O trecho do livro do qual mais gosto é aquele em que Noemi cujo nome significa "doçura" pede para ser chamada de Mara equivalente a "amargura". Pudera. Perdera o marido e os filhos, ficaram-lhe as noras que dispensa sem cerimônia, como era de se esperar. A nora Orfa se escafede. Rute lhe gruda na barra da saia o resto é que nem filme: não pode contar.

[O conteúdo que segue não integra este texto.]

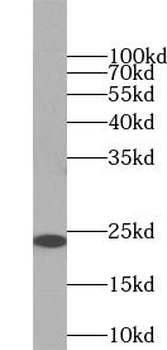 PSMB8 Rabbit Polyclonal Antibody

Acho curioso que essa história tenha inspirado tantas mães a batizar suas filhas de Mara e não de Noemi, o que reduziria a carga horária de sofrimento da humanidade. Deixe quieto. Por esses dias, finalmente conheci uma Noemi, digna de figurar nas Escrituras, a Noemi Francisco da Costa, 37 anos, moradora do Jardim Weisópolis, em Pinhais. É estudante do terceiro ano de Pedagogia na Facinter. E gari das 7 da matina às 3 da tarde.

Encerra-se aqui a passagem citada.